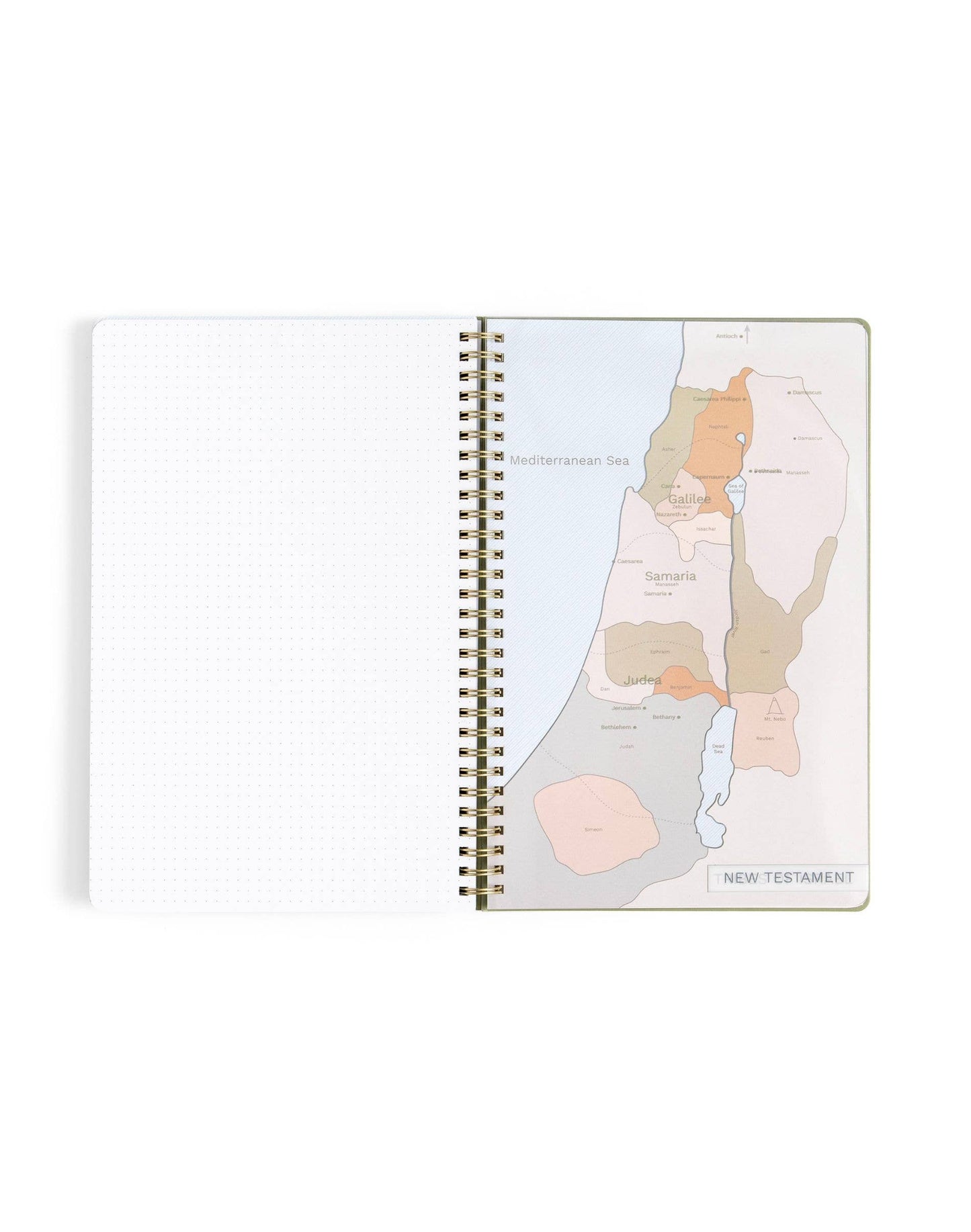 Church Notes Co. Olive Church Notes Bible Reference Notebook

____________

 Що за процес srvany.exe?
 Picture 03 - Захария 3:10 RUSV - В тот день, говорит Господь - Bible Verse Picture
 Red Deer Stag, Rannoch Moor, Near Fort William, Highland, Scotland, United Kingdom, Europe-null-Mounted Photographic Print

____________

**TASK GOAL**
From the records above, quote only the lines running from the line with "Picture 03 - Захария" to the line with "Red Deer Stag, Rannoch", both lines included.

**RESPONSE AREA**
 Picture 03 - Захария 3:10 RUSV - В тот день, говорит Господь - Bible Verse Picture
 Red Deer Stag, Rannoch Moor, Near Fort William, Highland, Scotland, United Kingdom, Europe-null-Mounted Photographic Print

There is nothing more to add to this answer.